WHAT IS NEEDED - Copy the data below exactly, but not the pictures it contains.

INFORMATION -
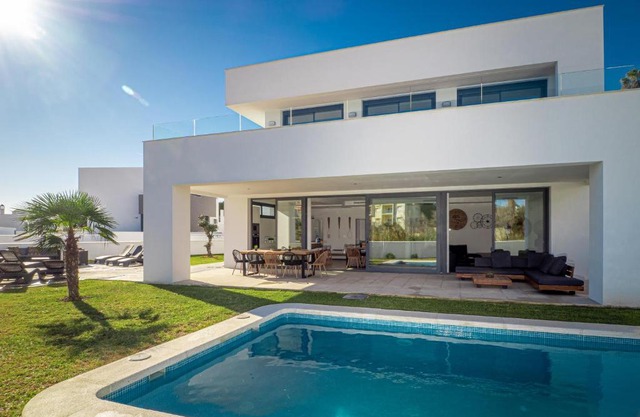 Villa moderne proche de la mer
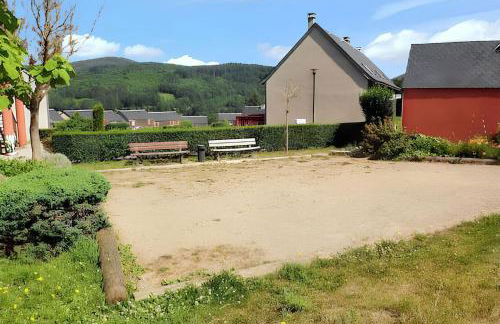 Maison accueillante à La Salvetat-sur-Agout avec terrasse - Foto 12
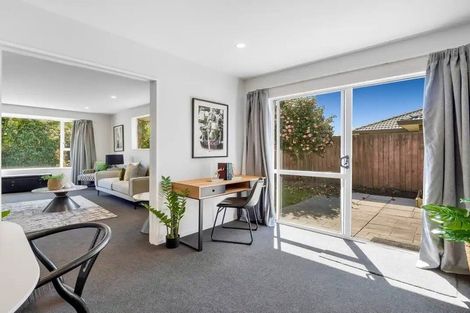 Photo of property in 30b Takaro Avenue, Sockburn, Christchurch, 8042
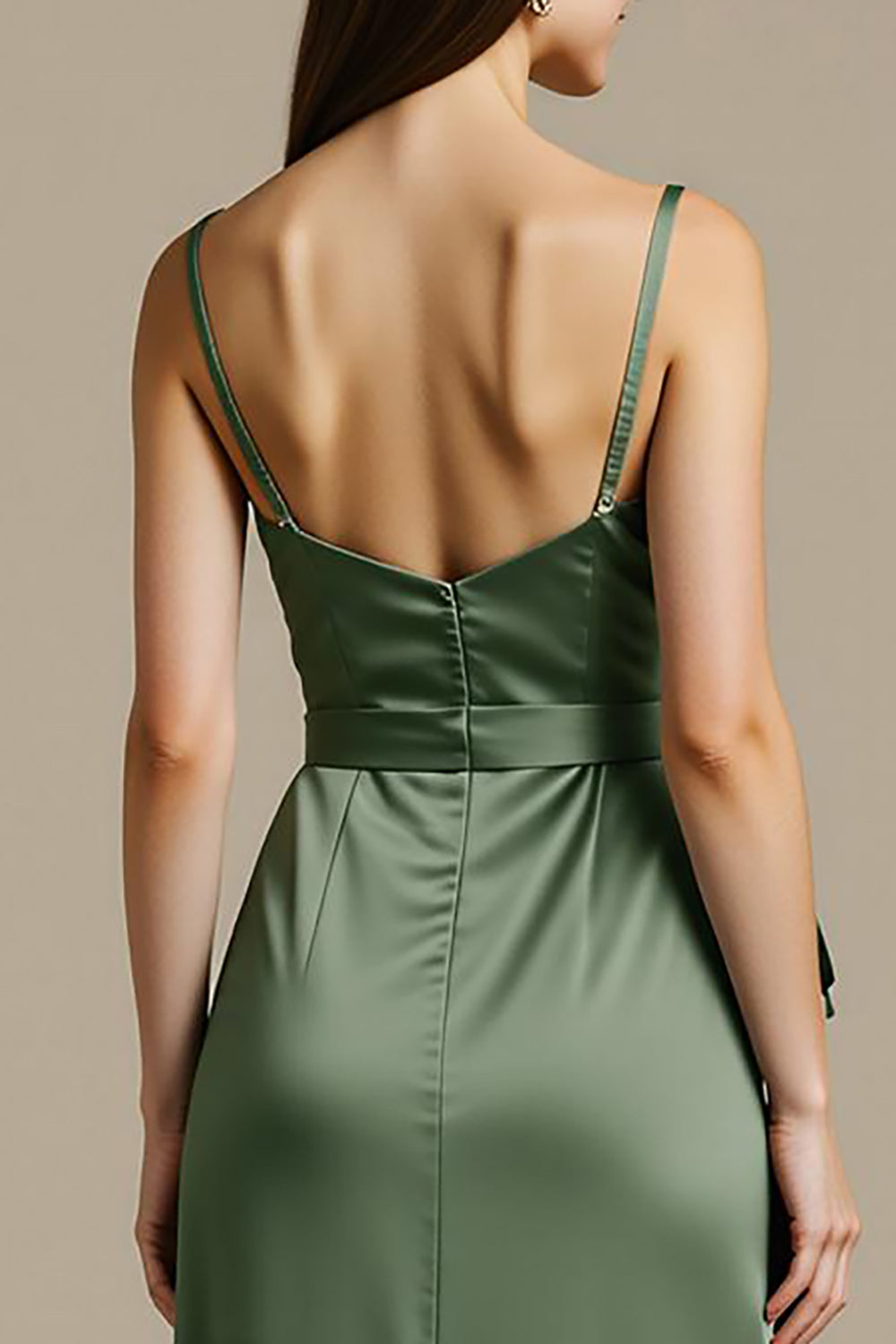 Robe de soirée longue trapèze en satin vert clair avec fente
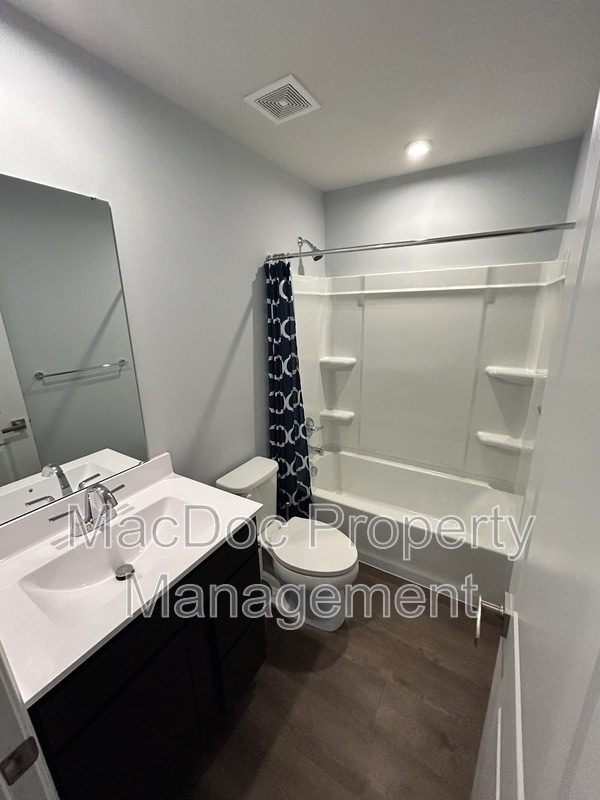 Building Photo - 2644 High Point Dr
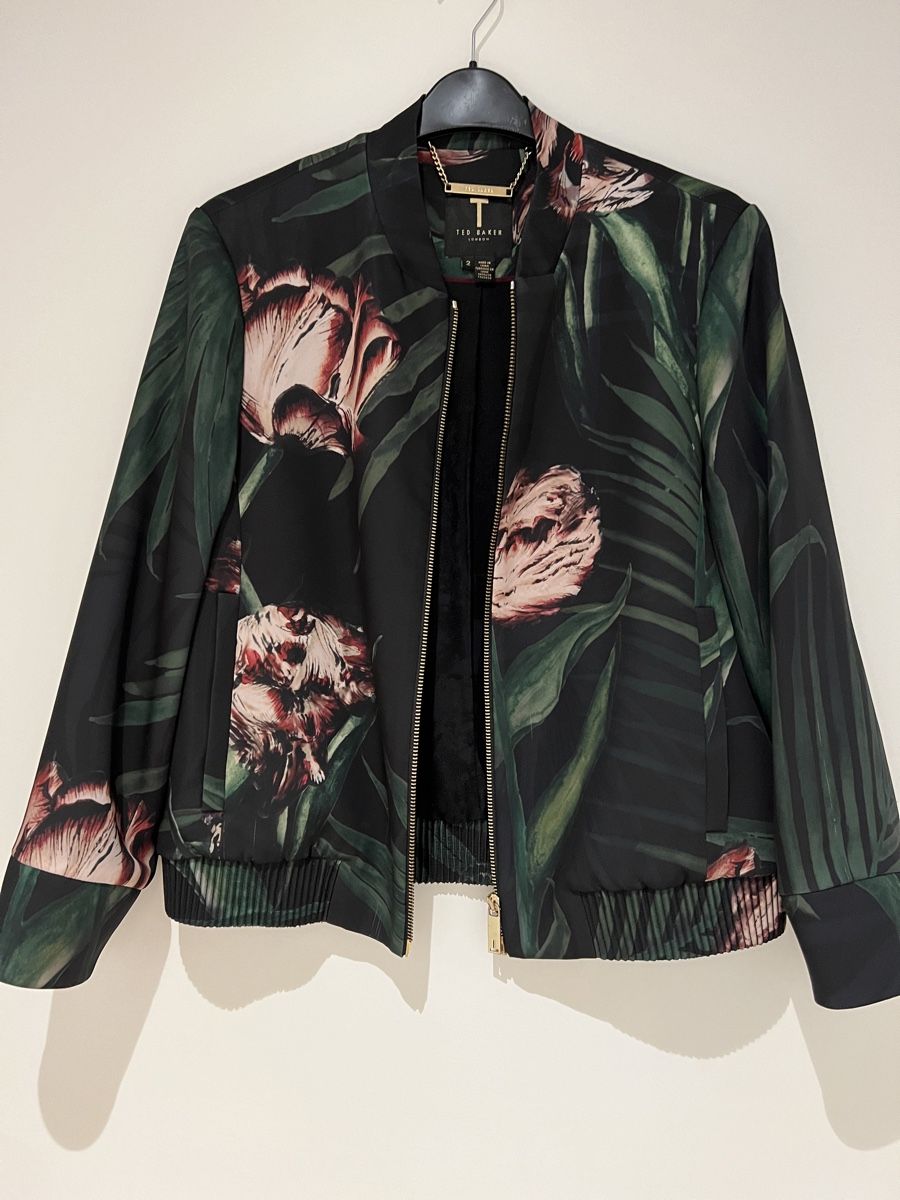 Ted Baker Giacche: Jäckli Ted Baker Gr 2 – Usato da schaan venduto da Ak9jg8 2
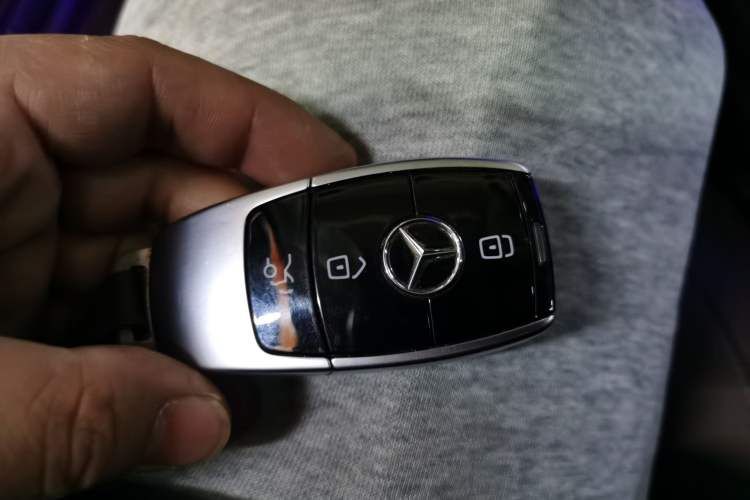 Used Mercedes-Benz E-Class 2020 Facelift E 260 L Interior 1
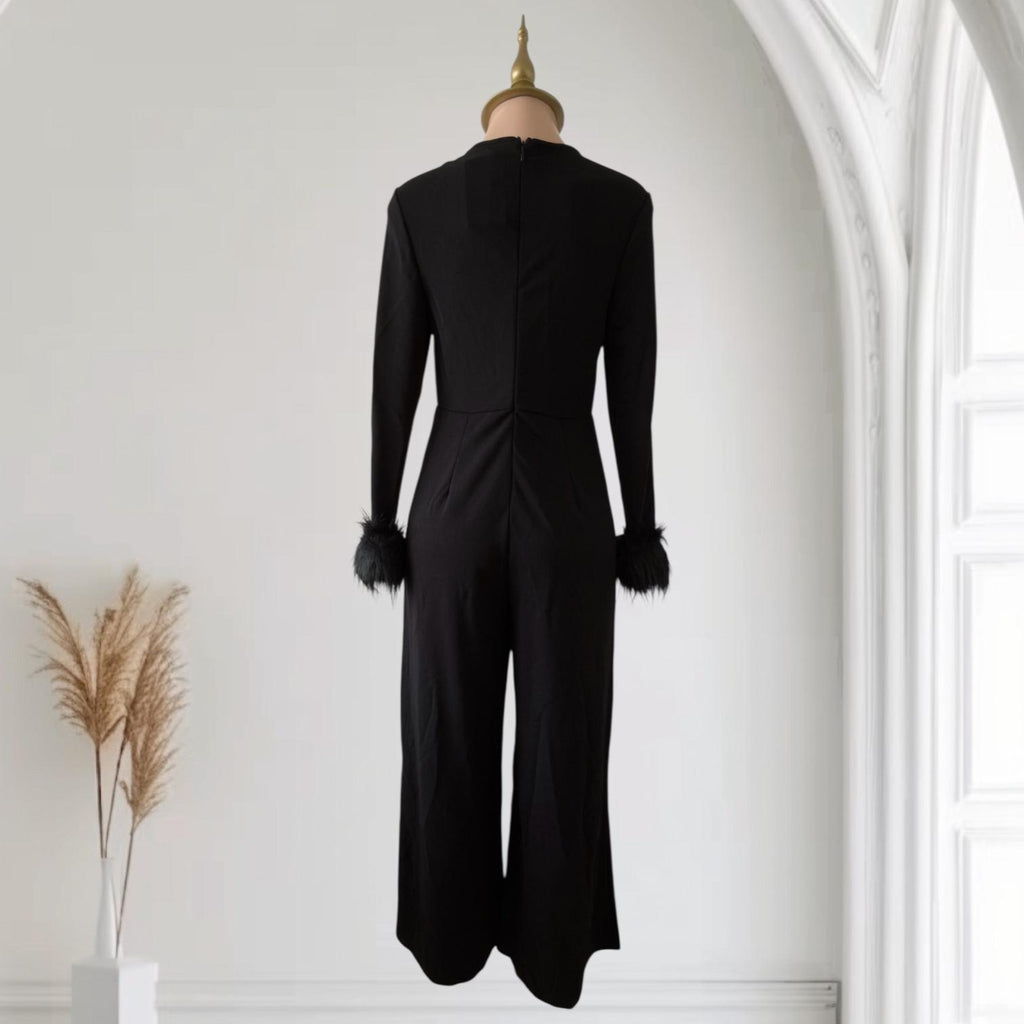 Enterizo Negro con Escote Corazón Profundo, Mangas Largas con Puños de Plumas y Pantalón Palazzo Elegante SHEIN - Talla L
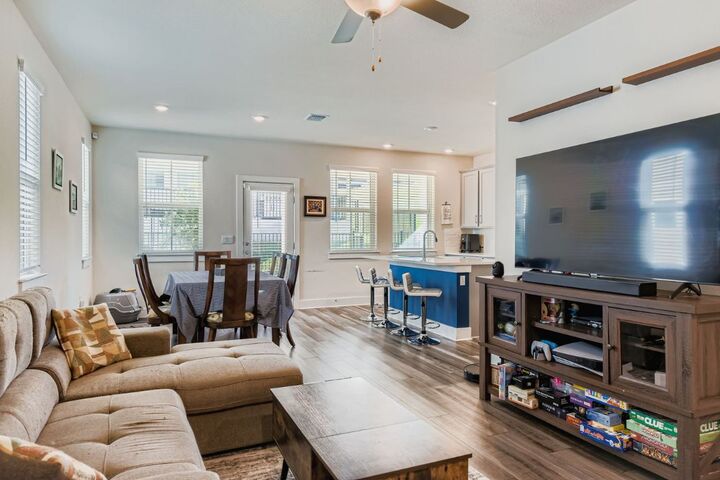 Property Photo:  7113 Terrazzo Cottage Court 28  TX 78744 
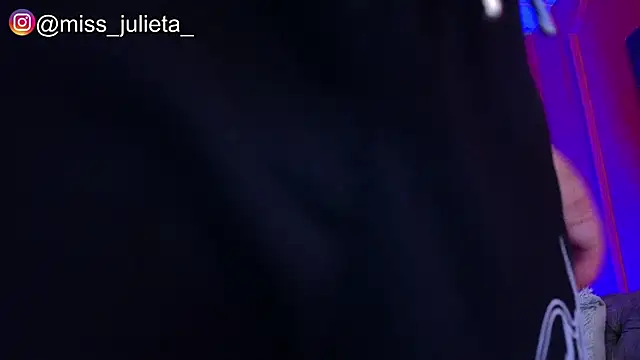Snapshot of Julieta_Russell chatting on 21, 5, 2026 Julieta Russell online show from 21, 5, 2026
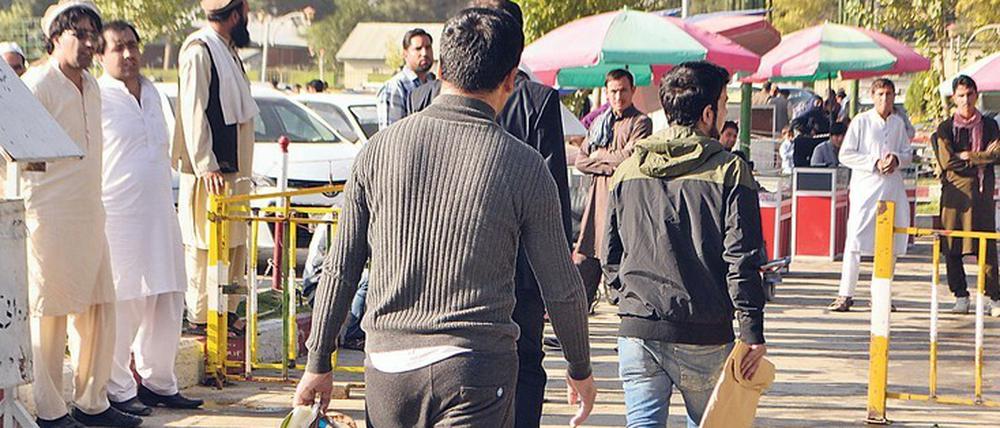 Zurück nach Kabul? Pro Asyl hält die Abschiebewünsche aus der deutschen Politik für „unverantwortlich“.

TASK ANSWER -
 Villa moderne proche de la mer
 Maison accueillante à La Salvetat-sur-Agout avec terrasse - Foto 12
 Photo of property in 30b Takaro Avenue, Sockburn, Christchurch, 8042
 Robe de soirée longue trapèze en satin vert clair avec fente
 Building Photo - 2644 High Point Dr
 Ted Baker Giacche: Jäckli Ted Baker Gr 2 – Usato da schaan venduto da Ak9jg8 2
 Used Mercedes-Benz E-Class 2020 Facelift E 260 L Interior 1
 Enterizo Negro con Escote Corazón Profundo, Mangas Largas con Puños de Plumas y Pantalón Palazzo Elegante SHEIN - Talla L
 Property Photo:  7113 Terrazzo Cottage Court 28  TX 78744 
Snapshot of Julieta_Russell chatting on 21, 5, 2026 Julieta Russell online show from 21, 5, 2026
 Zurück nach Kabul? Pro Asyl hält die Abschiebewünsche aus der deutschen Politik für „unverantwortlich“.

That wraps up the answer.